Eileen off to Bradford as Mayor Nik faces whistle-blower 'music'  

Eileen Milner wins approval for CAPCA top job

Eileen Milner, departing chief executive for the Combined Authority: Mayor Dr Nik Johnson is facing difficult questions over his alleged conduct. - Credit: ARCHANT

Outgoing chief executive Eileen Milner has landed two prestigious posts in Bradford following her departure from the Cambridgeshire and Peterborough Combined Authority (CAPCA).  

Ms Milner beat 30 other candidates to win the £200,000 CAPCA post but quit after only a few months.  

She is become head of a newly former Bradford Children’s Company trust and will also succeed Baroness Ann Taylor as chairman of the council of Bradford University.  

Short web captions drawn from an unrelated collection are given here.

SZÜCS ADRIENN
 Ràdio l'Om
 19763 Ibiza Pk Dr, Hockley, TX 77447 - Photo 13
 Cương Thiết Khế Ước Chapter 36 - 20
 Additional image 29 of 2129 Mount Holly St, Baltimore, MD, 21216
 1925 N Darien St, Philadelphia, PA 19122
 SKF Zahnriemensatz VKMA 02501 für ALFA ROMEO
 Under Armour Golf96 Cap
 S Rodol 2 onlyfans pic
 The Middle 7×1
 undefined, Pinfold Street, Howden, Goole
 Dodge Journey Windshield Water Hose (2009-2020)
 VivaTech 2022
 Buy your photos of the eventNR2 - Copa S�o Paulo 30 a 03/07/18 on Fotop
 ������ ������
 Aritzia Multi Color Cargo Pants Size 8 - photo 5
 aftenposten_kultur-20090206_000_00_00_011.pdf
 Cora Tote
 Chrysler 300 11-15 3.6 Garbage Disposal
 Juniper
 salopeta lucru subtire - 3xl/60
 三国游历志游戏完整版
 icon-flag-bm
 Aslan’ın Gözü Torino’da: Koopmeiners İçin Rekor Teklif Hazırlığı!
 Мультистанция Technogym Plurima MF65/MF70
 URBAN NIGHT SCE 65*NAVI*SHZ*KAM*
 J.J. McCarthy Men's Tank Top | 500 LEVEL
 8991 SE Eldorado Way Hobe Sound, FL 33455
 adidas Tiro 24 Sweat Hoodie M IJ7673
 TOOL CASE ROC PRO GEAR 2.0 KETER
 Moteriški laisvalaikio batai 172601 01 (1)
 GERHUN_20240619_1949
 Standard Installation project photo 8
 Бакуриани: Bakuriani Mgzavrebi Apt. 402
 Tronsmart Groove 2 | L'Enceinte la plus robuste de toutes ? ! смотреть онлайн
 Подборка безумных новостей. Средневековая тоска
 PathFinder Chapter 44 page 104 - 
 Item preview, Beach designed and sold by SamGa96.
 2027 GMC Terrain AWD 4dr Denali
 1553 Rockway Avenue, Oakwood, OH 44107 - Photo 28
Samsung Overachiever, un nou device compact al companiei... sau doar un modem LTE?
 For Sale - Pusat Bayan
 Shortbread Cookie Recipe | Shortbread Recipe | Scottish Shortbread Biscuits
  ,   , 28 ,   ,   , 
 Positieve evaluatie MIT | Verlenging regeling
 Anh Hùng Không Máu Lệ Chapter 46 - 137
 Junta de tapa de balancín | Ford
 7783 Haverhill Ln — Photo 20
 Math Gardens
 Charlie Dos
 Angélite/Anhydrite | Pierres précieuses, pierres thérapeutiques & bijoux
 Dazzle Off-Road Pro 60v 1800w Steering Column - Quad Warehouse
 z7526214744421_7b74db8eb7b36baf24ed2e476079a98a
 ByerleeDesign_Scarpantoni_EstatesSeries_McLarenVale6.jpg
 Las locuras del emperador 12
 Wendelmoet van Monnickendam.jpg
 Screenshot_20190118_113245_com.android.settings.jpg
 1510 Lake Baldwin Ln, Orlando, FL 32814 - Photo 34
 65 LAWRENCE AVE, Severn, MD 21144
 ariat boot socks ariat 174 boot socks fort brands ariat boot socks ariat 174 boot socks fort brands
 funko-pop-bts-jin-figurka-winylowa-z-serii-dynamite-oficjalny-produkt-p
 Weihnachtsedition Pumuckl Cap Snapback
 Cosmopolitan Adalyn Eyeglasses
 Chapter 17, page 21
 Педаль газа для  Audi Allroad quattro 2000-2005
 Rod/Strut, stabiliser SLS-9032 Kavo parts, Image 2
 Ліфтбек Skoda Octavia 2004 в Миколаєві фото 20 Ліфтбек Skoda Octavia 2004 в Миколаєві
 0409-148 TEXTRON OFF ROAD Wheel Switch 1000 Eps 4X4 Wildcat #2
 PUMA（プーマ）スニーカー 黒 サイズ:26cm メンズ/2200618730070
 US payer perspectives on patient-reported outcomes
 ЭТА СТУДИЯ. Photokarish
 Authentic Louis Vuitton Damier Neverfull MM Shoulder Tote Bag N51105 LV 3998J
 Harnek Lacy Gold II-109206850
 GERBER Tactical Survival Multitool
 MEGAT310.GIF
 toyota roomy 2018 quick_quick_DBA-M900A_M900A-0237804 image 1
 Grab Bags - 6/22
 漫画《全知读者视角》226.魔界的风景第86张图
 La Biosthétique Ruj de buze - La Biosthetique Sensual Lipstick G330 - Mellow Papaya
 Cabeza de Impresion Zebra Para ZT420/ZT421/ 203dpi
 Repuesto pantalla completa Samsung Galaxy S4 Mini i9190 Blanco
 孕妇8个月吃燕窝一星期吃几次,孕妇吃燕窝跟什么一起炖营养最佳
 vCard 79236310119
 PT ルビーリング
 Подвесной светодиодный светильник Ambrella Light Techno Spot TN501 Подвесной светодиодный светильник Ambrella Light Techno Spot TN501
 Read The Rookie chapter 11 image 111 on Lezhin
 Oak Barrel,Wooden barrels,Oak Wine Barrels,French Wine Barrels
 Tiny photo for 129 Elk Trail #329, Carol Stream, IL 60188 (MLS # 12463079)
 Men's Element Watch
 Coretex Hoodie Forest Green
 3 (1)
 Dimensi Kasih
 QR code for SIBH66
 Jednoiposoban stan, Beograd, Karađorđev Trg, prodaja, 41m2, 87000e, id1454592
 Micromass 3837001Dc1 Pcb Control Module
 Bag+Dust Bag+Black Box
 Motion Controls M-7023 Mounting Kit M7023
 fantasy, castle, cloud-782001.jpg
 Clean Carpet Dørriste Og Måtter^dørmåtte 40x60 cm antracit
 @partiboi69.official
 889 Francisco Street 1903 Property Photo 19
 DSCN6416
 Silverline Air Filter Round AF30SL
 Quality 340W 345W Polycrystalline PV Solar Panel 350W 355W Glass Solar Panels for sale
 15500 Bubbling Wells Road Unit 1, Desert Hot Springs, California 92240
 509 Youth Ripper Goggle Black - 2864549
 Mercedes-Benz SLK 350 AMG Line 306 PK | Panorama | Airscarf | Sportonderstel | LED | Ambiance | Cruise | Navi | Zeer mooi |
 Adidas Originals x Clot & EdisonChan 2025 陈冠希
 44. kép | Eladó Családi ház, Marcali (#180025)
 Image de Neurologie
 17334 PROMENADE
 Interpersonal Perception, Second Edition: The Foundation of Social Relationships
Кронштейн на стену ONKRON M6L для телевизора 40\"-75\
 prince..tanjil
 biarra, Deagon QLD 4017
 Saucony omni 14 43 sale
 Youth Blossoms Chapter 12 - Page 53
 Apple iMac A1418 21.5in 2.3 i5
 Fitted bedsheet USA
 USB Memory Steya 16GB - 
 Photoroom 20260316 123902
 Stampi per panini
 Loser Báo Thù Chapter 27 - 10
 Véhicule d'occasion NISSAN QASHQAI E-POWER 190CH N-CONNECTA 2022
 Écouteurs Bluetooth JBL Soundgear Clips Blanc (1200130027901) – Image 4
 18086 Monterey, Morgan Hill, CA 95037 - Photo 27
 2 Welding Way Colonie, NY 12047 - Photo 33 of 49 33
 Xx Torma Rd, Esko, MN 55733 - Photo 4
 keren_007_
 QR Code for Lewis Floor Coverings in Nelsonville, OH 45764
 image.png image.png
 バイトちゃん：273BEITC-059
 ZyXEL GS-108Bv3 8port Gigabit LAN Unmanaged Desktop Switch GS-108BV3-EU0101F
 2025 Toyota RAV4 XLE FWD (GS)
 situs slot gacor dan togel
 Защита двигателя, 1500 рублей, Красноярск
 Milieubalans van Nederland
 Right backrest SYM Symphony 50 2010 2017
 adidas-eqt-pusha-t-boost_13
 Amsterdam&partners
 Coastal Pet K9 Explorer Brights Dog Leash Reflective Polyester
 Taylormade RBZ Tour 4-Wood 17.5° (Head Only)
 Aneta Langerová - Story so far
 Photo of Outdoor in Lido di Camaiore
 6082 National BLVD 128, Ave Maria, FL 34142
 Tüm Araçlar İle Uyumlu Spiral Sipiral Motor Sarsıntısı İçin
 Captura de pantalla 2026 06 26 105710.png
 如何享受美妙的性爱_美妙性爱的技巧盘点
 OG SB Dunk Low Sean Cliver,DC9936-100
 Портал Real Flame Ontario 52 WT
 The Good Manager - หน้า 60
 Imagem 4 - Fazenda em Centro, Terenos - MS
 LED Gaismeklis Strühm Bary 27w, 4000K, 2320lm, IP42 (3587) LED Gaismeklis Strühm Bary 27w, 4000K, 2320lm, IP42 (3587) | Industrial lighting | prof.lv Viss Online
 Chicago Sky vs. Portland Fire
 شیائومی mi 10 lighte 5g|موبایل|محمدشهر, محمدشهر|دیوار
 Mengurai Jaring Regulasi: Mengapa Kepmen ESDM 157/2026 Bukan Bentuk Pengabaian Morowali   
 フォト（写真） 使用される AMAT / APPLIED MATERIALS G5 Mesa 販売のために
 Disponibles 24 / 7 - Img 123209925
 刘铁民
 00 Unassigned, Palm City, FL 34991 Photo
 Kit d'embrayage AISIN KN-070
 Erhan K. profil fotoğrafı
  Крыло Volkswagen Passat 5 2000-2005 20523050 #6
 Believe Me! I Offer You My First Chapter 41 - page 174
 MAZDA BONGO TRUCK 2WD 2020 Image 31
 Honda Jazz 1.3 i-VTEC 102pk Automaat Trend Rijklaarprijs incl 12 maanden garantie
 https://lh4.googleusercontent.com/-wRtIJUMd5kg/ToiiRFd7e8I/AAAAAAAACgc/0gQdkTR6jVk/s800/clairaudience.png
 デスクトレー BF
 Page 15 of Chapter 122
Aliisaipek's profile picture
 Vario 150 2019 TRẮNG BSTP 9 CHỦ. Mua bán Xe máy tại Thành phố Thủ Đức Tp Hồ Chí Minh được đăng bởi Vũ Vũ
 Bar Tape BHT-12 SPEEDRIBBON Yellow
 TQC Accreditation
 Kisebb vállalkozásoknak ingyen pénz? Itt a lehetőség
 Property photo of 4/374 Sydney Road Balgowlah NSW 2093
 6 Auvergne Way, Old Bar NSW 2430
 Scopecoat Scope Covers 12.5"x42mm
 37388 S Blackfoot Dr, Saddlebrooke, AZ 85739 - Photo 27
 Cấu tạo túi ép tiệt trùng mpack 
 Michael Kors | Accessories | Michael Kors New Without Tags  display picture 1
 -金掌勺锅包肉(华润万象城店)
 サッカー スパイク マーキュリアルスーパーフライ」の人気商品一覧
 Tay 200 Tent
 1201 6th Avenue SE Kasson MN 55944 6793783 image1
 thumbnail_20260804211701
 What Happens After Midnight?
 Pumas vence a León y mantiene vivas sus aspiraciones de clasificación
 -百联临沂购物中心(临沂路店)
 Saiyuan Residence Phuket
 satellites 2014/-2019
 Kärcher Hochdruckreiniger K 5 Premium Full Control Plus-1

Until last summer, she was chief executive of the Education and Skills Funding Agency and had previously been executive director at the Care Quality Commission. 

Ms Milner has now left CAPCA at the end of her probationary period with multiple inquiries in progress. 

These include claims by a whistle-blower and cover HR issues and the use by Mayor Dr Nik Johnson of CAPCA credit cards. 

A formal code of conduct investigation into Labour Mayor Nik Johnson is under way by an external investigator is underway.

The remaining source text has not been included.